Authored by jmolloy on Feb 9 2015, 9:09 AM.

Details

Reviewers
andreadb
hfinkel
Summary

Up the phi node folding threshold from a cheap "1" to a meagre "2".

Update tests for extra added selects and slight code churn.

Diff Detail

Repository
rL LLVM

Event Timeline

jmolloy updated this revision to Diff 19589.Feb 9 2015, 9:09 AM
jmolloy retitled this revision from to [SimplifyCFG] Be more aggressive.
jmolloy updated this object.
jmolloy edited the test plan for this revision. (Show Details)
jmolloy added a reviewer: hfinkel.
jmolloy set the repository for this revision to rL LLVM.
jmolloy added a subscriber: Unknown Object (MLST).
jmolloy updated this revision to Diff 19647.Feb 10 2015, 1:02 AM
jmolloy removed rL LLVM as the repository for this revision.

Update to add a new test, checking that the idiomatic "clamp()" function is correctly optimized to two selects.

hfinkel added inline comments.Feb 10 2015, 10:51 AM
test/Transforms/SimplifyCFG/clamp.ll
6

Please actually check for the clamp code you expect.

hfinkel added inline comments.Feb 10 2015, 10:52 AM
lib/Transforms/Utils/SimplifyCFG.cpp
60

And please add a comment here explaining why the number is 2 (so that we'll get the clamp pattern, etc.).

jmolloy updated this revision to Diff 19746.Feb 11 2015, 5:57 AM
jmolloy set the repository for this revision to rL LLVM.

Hi Hal,

Thanks for the review. Changes made.

Cheers,

James

hfinkel edited edge metadata.Feb 11 2015, 6:03 AM

Can you please provide a summary of how this affects our normal performance benchmarks?

lib/Transforms/Utils/SimplifyCFG.cpp
57

Do you mean two selects?

Hi Hal,

Sure. There is no difference in any of the industry-standard test suites I have.

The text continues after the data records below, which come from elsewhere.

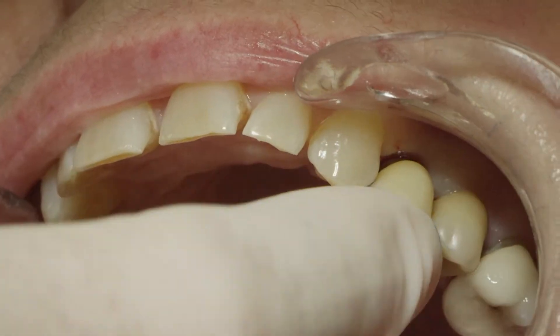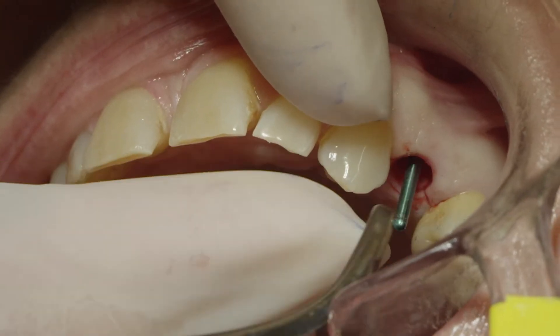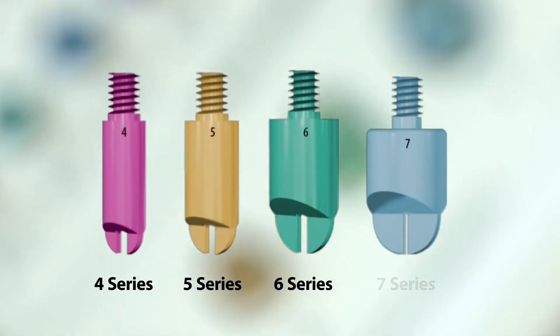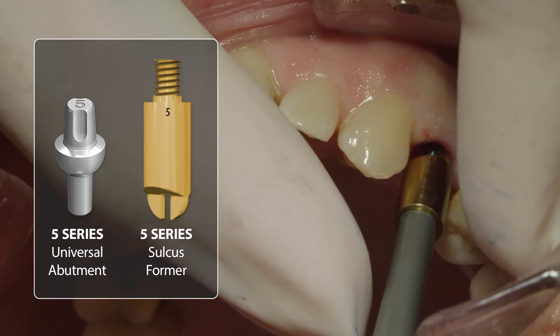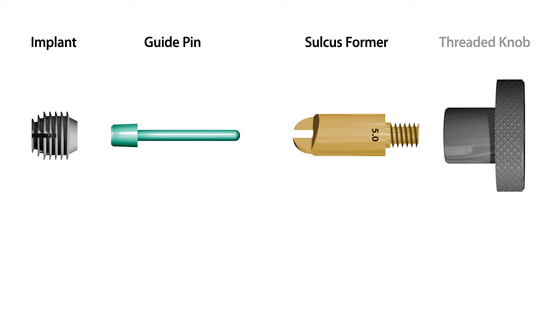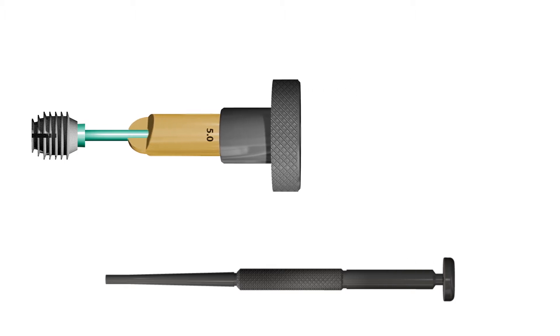Therefore, we have to verify the hemispherical base of the abutments touching the adjacent ball. At the same time, we need to look for soft tissue blanching. If one or both conditions is noticed, we should remove the crown, insert the corresponding guide pin into the implant well, and use a sulcus former. The diameter of the sulcus former should be chosen according to the abutment being used for the final restoration. If you're using a 5-series universal abutment, for example, we use the 5-series sulcus former.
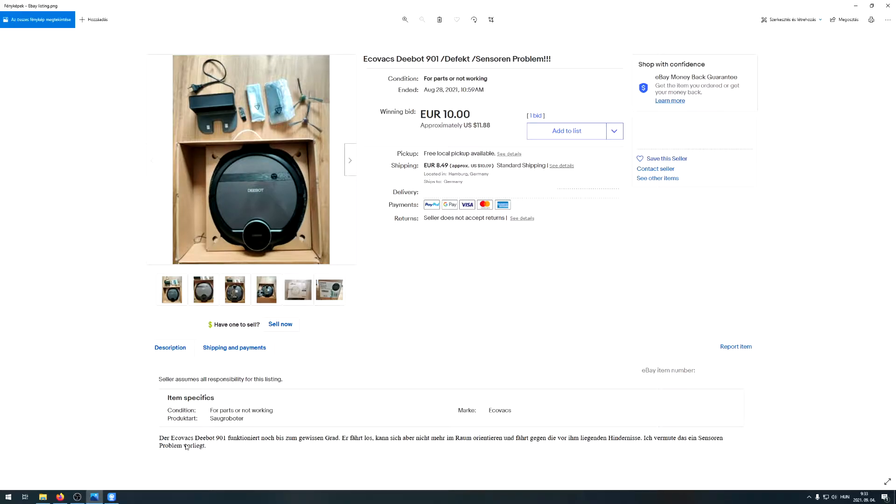Let me translate the listing for you. It means something like: this is an ECOVACS DEEBOT 901, it kind of works up to a certain level - it leaves the dock but afterwards it's not able to orient or position itself in the room. Basically it's hitting and crashing into objects, and they suspect it has some kind of sensor problem. So let me show you - let me put it on the dock and turn it on.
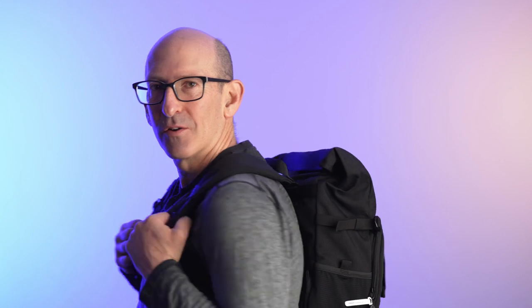I'm glad you stopped by. I hope the info on this backpack is helpful — let me know what you think in the comments below. If you liked the video, give it a thumbs up, don't forget to subscribe and hit the notification bell, and I'll look forward to seeing you in the next one. Take care.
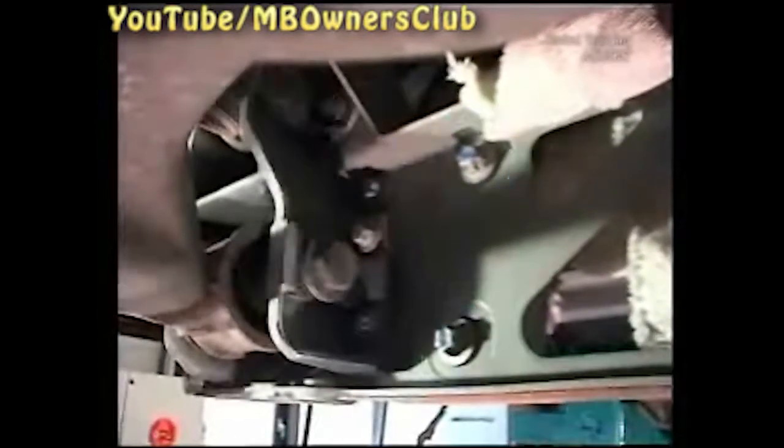Unscrew three screws in the lower transmission carrier and take off the transmission bearing. Repeat the process on the other side of the vehicle.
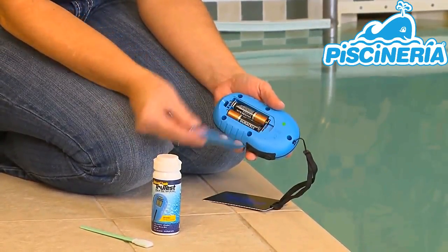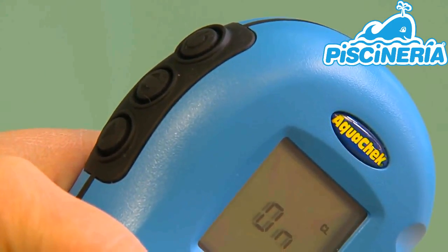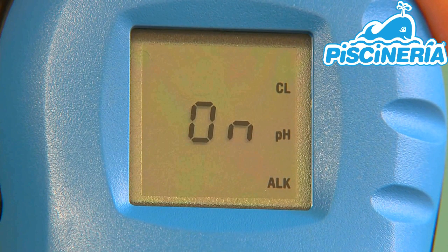First, after inserting two AA batteries, turn the reader on by pressing the top black button on the left-hand side of the reader. You will notice a 2.2, which illustrates the version of reader you are using. Next, the word ON appears, indicating the reader is ready for testing.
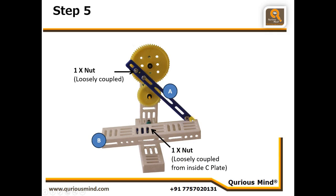The 1 inch bolt which was freely available on this push-pull rod will be inserted through the hole of the C plate from the rear side and connected using a nut, again loosely coupled from inside the C plate. And that completes our seesaw! For decoration you can attach one L connector at each end, indicating that those are the seats of the seesaw.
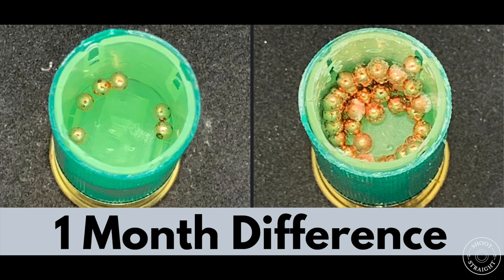Being hit by a falling pellet can hurt, as I'm sure most of us can attest to, but being hit by a lump of 20, 30, 40 or even 50 pellets could do far more. You could not only suffer serious damage, but it could be fatal.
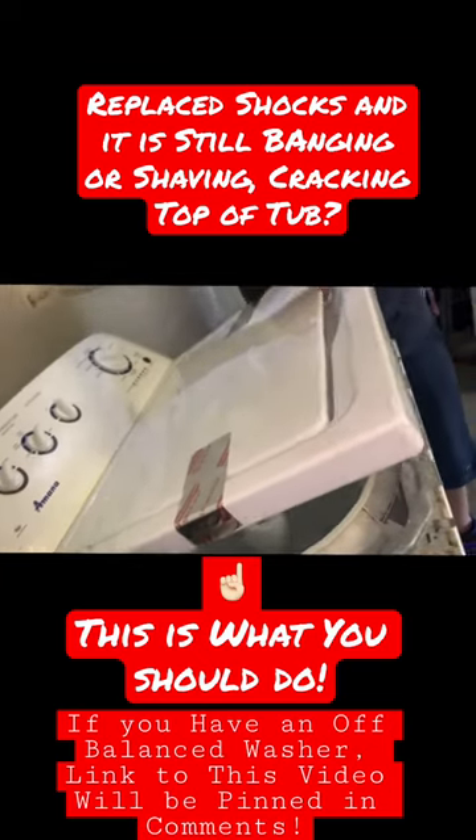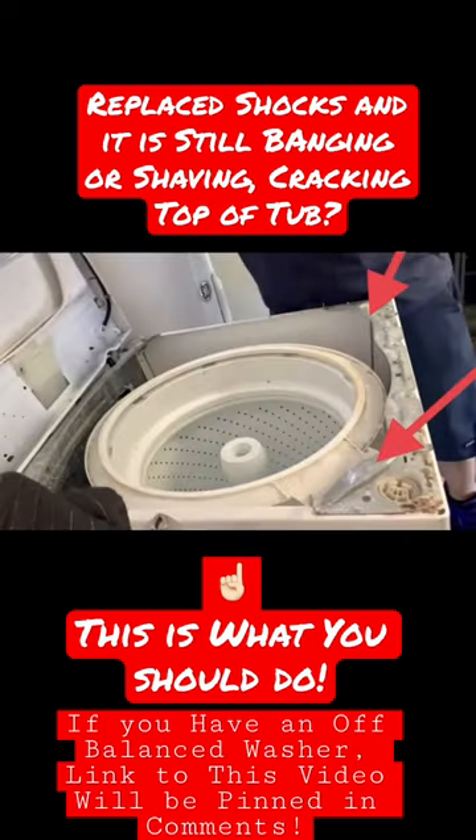Hello guys, this video is for those who have been using my videos to replace the shocks. I'm making this short video because a lot of you have been telling me that it's still banging a little bit after you replace the new shocks.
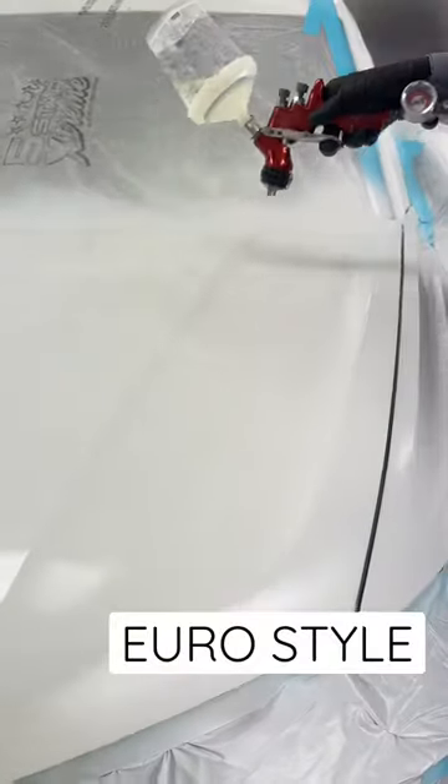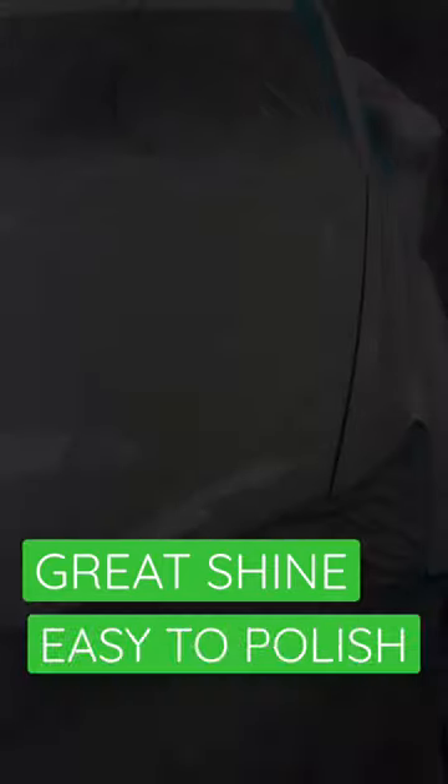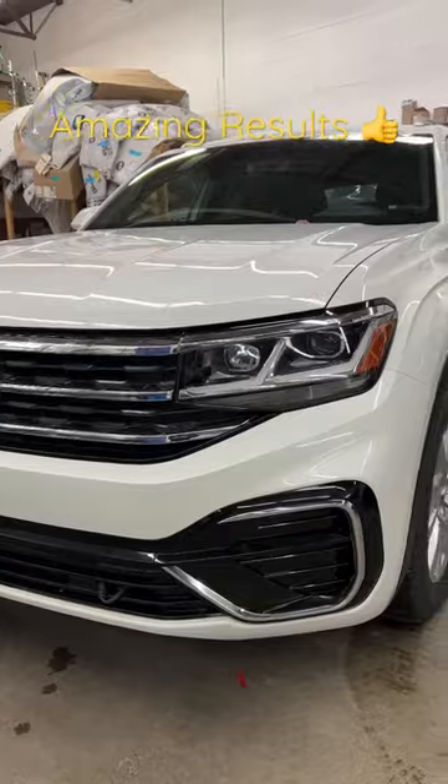The Euro style clear goes down beautifully — great shine, and polish is really easy. It dries to a super hard finish. Just check out those results.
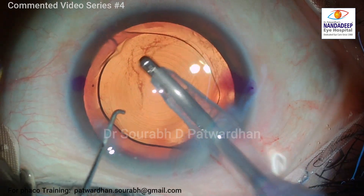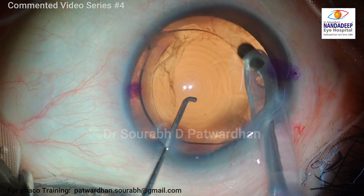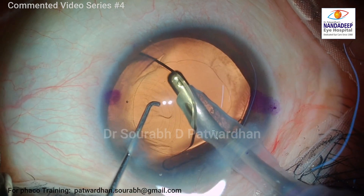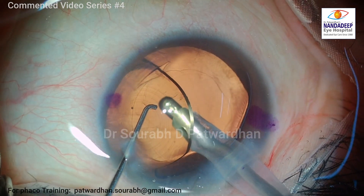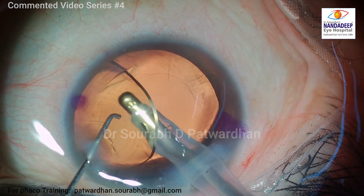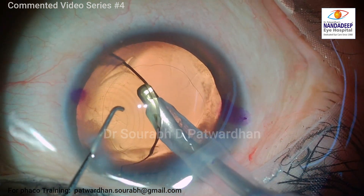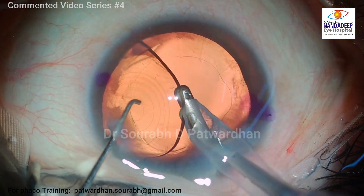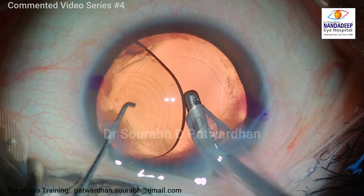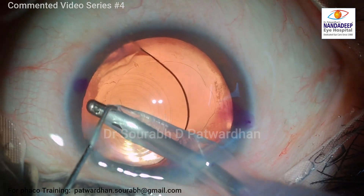Careful visco wash is important, just like any other case, and particularly if you have used chondroitin-containing OVD, as I have in this case. You have to be very thorough with the wash, otherwise there might be increased inflammation in the post-operative period and raised IOP. Also, if the OVD remains stuck to the posterior surface of the IOL or in the bag, it may lead to capsular distension and a myopic shift early post-operatively.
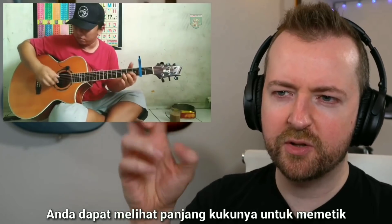You can see the length of his fingernails for that picking.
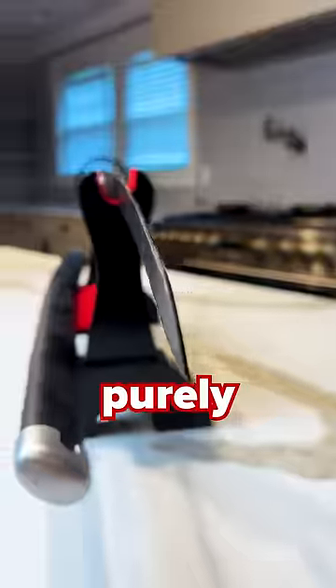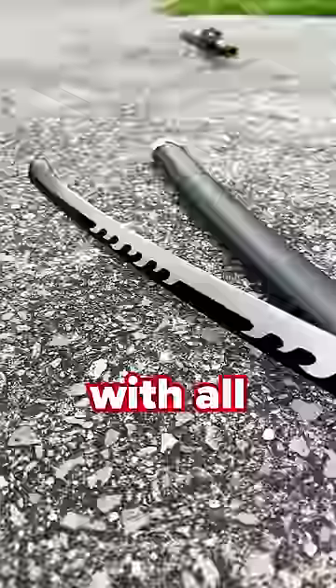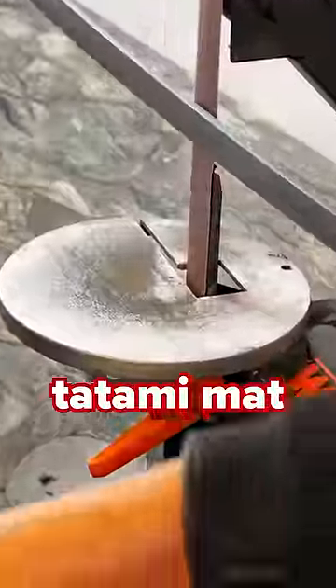Our dull katanas are built purely for display and cosplay. They are not structurally designed for cutting, as number one, they are not the right type of metal, and number two, they are not full tang. And with all that being said, I decided to make the executive decision to sharpen my dull katana and see if I can actually cut tatami mats.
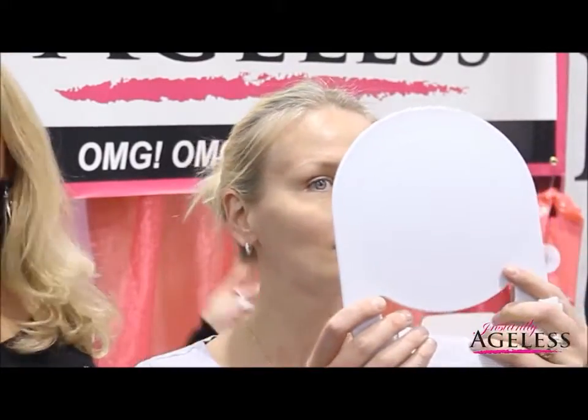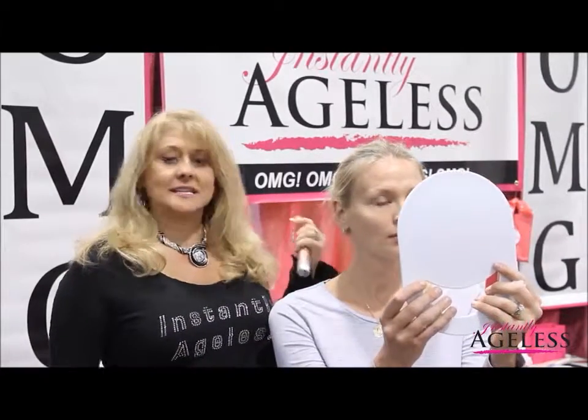Do you want to go ahead and look and see what you think? Wow. Very good. That's usually the results and the answer we get — oh my goodness. That is why we've renamed the product Instantly Ageless OMG, facelift in a bottle. Thank you.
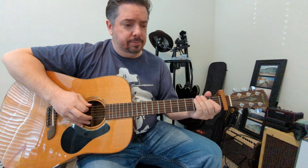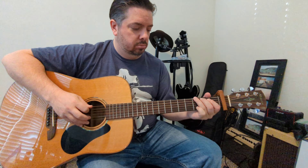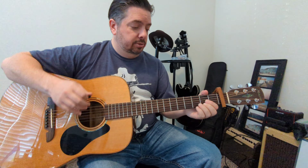Four chords: E minor to a G to a D to an A. You can kind of throw a bass line in there, but if not the chords are fine too. E minor chord to a G to a D to an A, and the strumming pattern — you kind of make it your own.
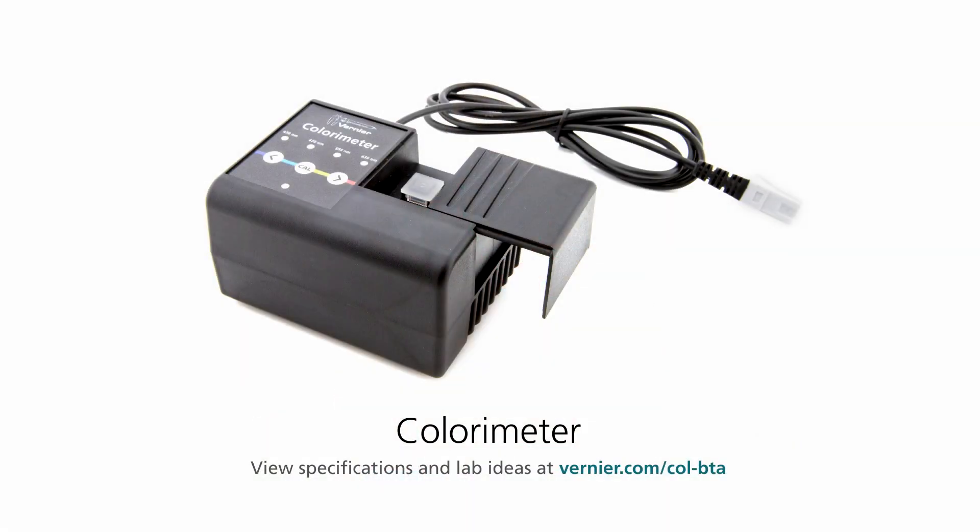In this short video, I will introduce the Vernier Colorimeter and demonstrate how to set up the colorimeter with LabQuest 2 for a Beer's Law Experiment.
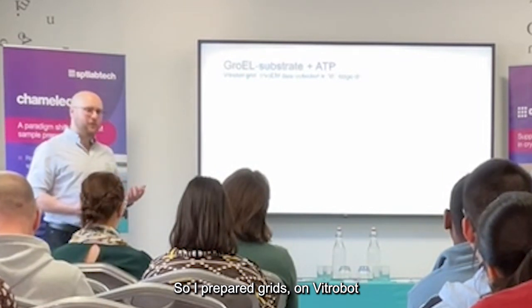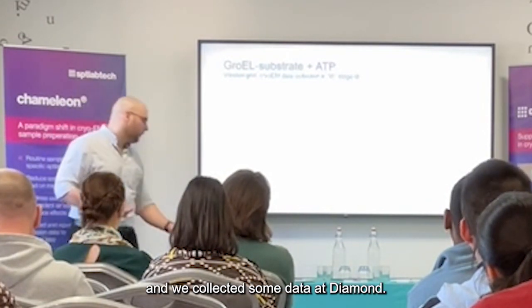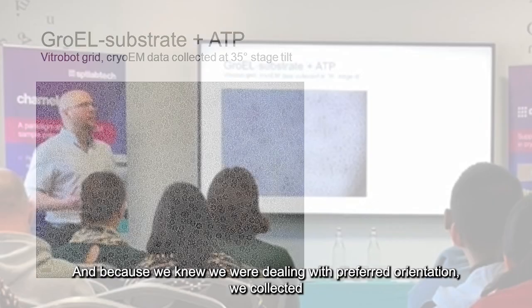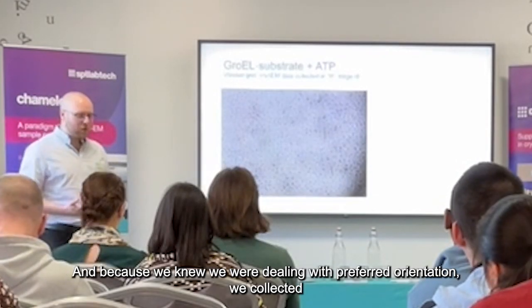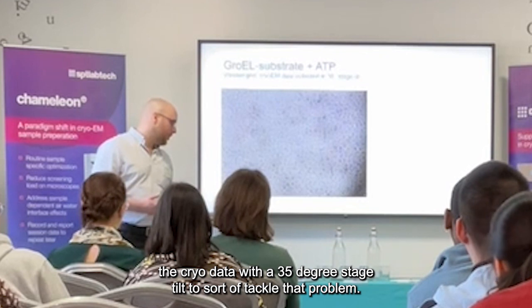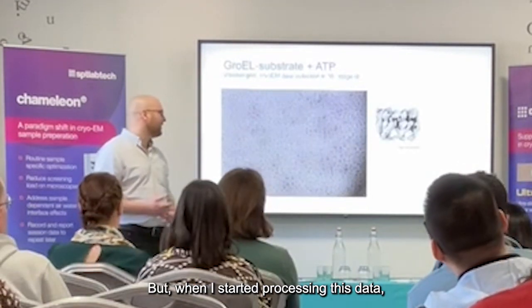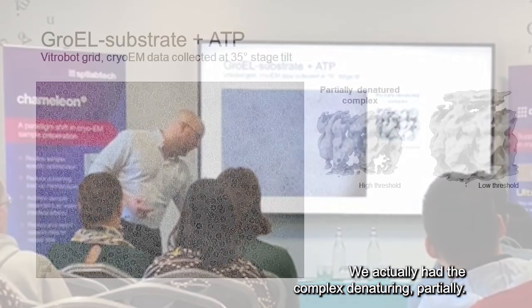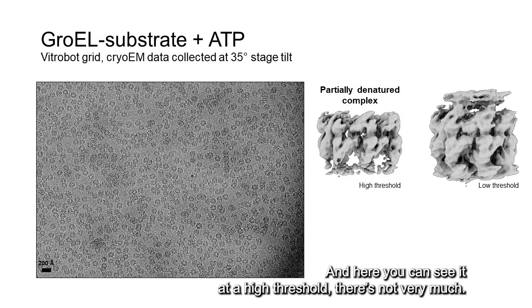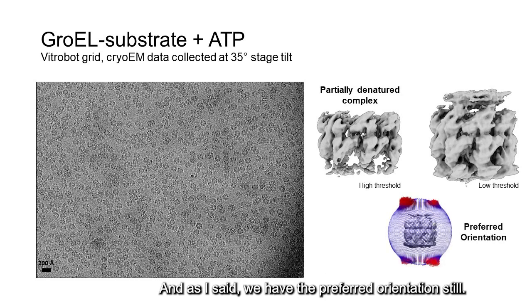So I prepared grids on a Vitrobot and collected some data at Diamond. This is just a representative image from that dataset. And because we knew we were dealing with preferred orientation, we collected the cryo data with a 35-degree stage tilt to tackle that problem. But when I started processing this data, it wasn't just preferred orientation — we actually had the complex denaturing partially. You can see the core of the complex is fairly well resolved, but at the extremities it just falls apart.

In LNT, I see two small regressions and 9 small improvements (on AArch64):

Regressions:

  • telecomm-gsm: 4.0%
  • Nodesplitting-dbl: 1.04%

Improvements:

  • aha: -7.8%
  • lambda: -6.16%
  • covariance (from polybench): -3.65%
  • gemver: -2.65%
  • +5 more sub-2% improvements.

Cheers,

James

lib/Transforms/Utils/SimplifyCFG.cpp
57

No; the heuristic has to be enough that it will hoist *one* select, to then remove the branch and in the end cause two selects.

When I run this change on my POWER7 box, I see no improvements and one major regression:

MultiSource/Benchmarks/Olden/power/power
23.3258% +/- 9.53904%

I'll attempt to figure out what is going on here.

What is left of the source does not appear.